Right before July Fourth weekend, there was an ad in the newspaper by West Tisbury artist Marie-Louise Rouff. It said that in honor of her 90th birthday, and with gratitude for working as an artist for more than 50 years, she was donating 50 percent of her art sales between July 1 and Labor Day to the Island Food Pantry.
I asked her where the idea came from. She said that a colleague from California began donating to a similar organization in her own community. Marie-Louise said, “When I saw that, I said ‘Perfect. I can do that here.’” She is also a wonderful gardener, and feels that food is a basic need. She called her friend Leslie Gray, who is involved with the Food Pantry, and it all proceeded quickly from there.
I visited Marie-Louise to see her, her paintings, and to have a conversation for this article. Walking into her studio is like walking into an explosion of color that surrounds you. It’s impossible to tear your eyes away from the paintings that line the wall, are stacked along the floor, tucked into a bin, sit on her easel, and lie across her worktable. The studio is small, so paintings are hung close together, almost obscuring the walls. It is quite an experience to find oneself totally immersed in brilliant red and ochre, in blue and green.

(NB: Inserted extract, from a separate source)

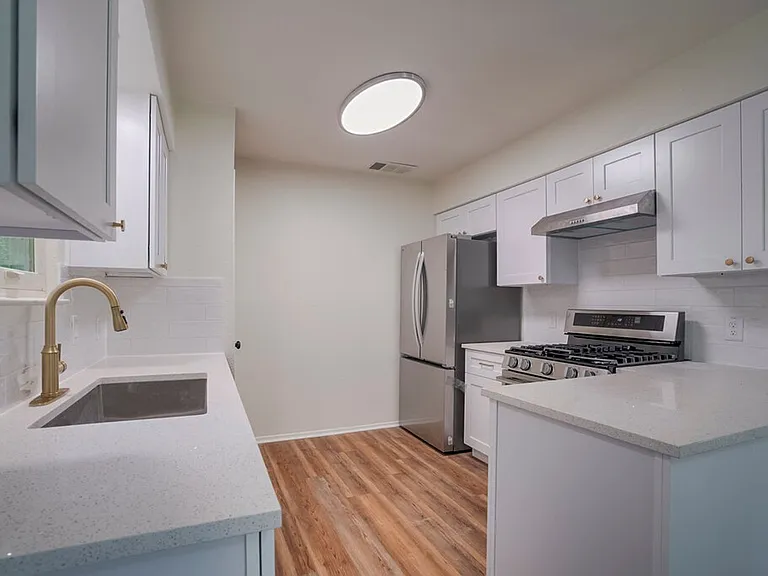 606 Splitrock St — Photo 8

The work currently on view is a compilation of paintings large and small, on panels or on paper. There are also monotypes and drawings, some framed, some just matted and wrapped, lined up in the aforementioned bin. It is somewhat of a retrospective. The first thing to catch my eye was a pair of oils on paper, “Pear Tree I and II,” done in 1989, depicting the well-branched tree that filled the backyard of her then-home in St. Louis. They lay on Marie-Louise’s work table beside another set of paintings, also oils on paper, wildly colored and patterned still lifes, part of a series called “Hello Henri,” after Henri Matisse, one of her artistic mentors. You will see the reference in their design and richly patterned surfaces.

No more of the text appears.